Assignment: Among the entries that follow, locate the line with "Press 1 for" and the line with "Hey devs, welcome". Output those lines and all lines in between, exactly, minus the pictures.
**********
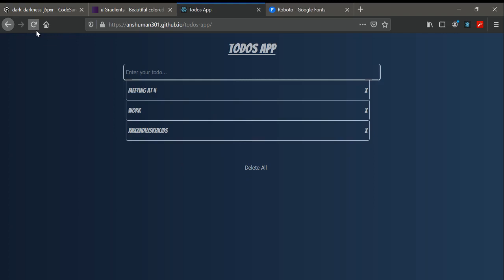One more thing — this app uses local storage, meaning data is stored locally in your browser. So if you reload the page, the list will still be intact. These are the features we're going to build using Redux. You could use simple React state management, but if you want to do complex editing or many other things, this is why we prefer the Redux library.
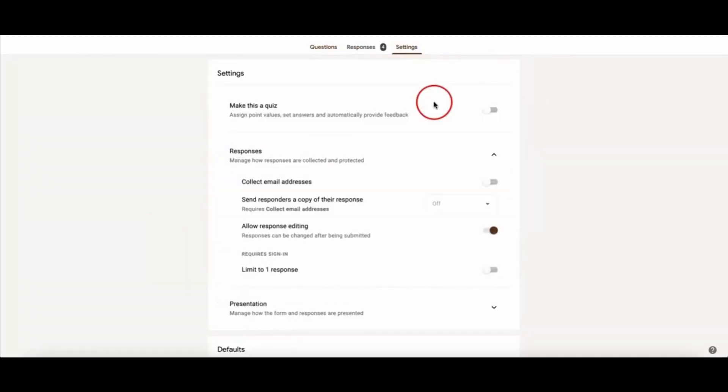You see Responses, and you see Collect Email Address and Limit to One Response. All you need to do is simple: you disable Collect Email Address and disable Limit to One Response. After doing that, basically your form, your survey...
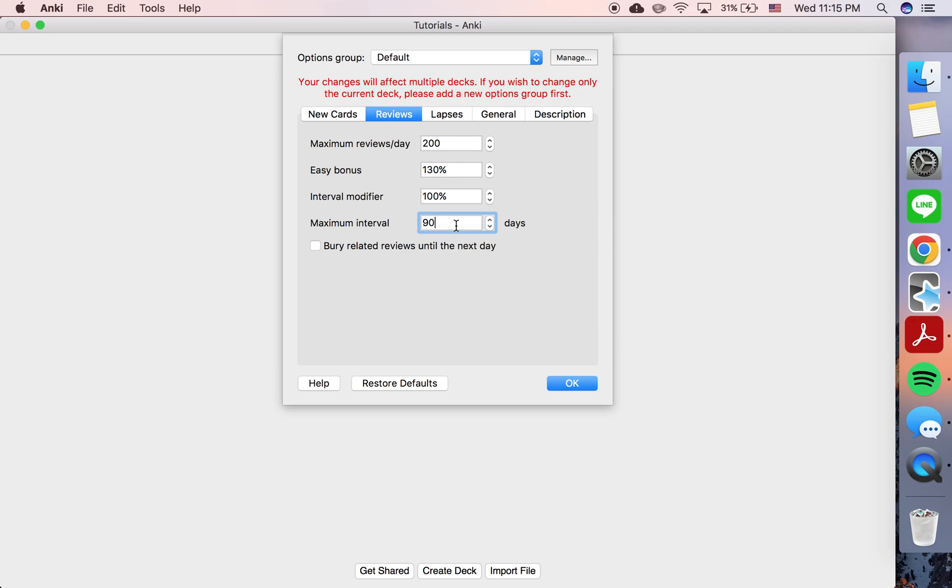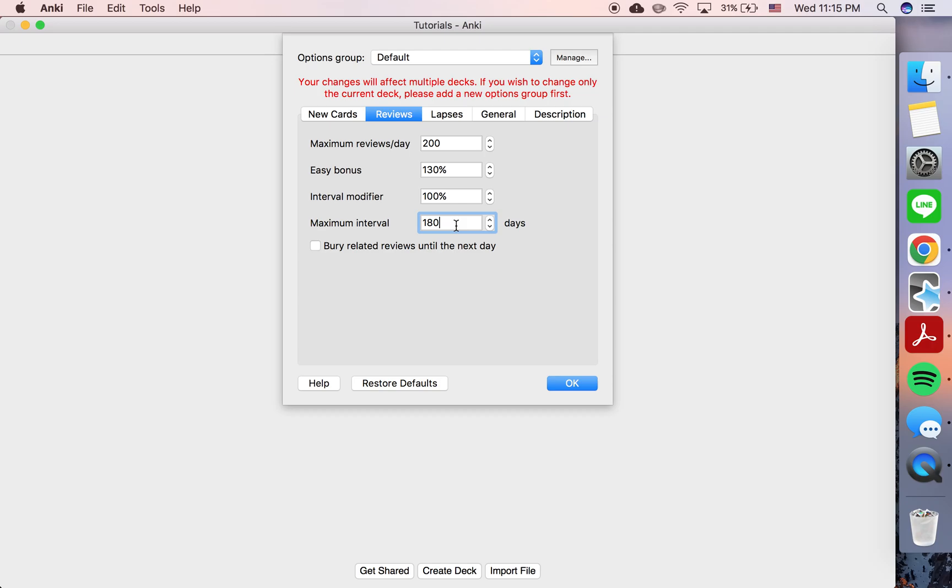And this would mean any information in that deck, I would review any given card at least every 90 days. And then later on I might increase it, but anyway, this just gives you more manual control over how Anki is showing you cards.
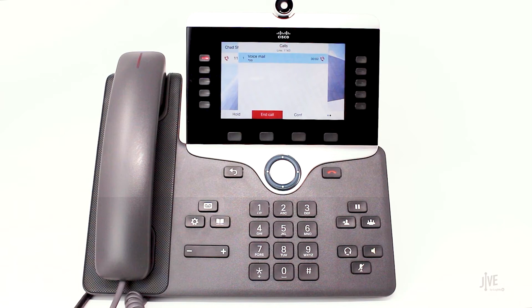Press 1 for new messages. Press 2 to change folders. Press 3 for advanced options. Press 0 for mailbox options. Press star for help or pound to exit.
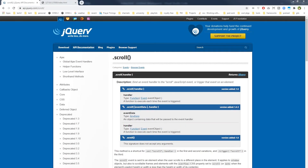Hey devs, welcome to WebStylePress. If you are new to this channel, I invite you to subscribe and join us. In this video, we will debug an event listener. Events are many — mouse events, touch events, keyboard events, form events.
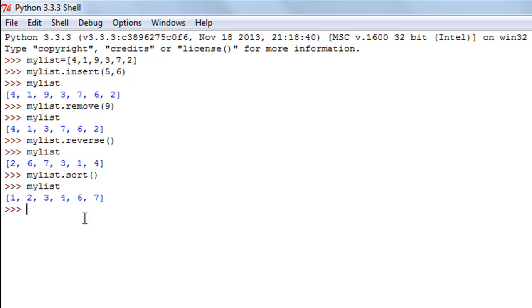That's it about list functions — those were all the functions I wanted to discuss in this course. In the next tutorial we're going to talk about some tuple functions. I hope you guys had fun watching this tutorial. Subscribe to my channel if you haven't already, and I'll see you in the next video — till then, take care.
**********
Result of this task:
Press 1 for new messages. Press 2 to change folders. Press 3 for advanced options. Press 0 for mailbox options. Press star for help or pound to exit.
Hey devs, welcome to WebStylePress. If you are new to this channel, I invite you to subscribe and join us. In this video, we will debug an event listener. Events are many — mouse events, touch events, keyboard events, form events.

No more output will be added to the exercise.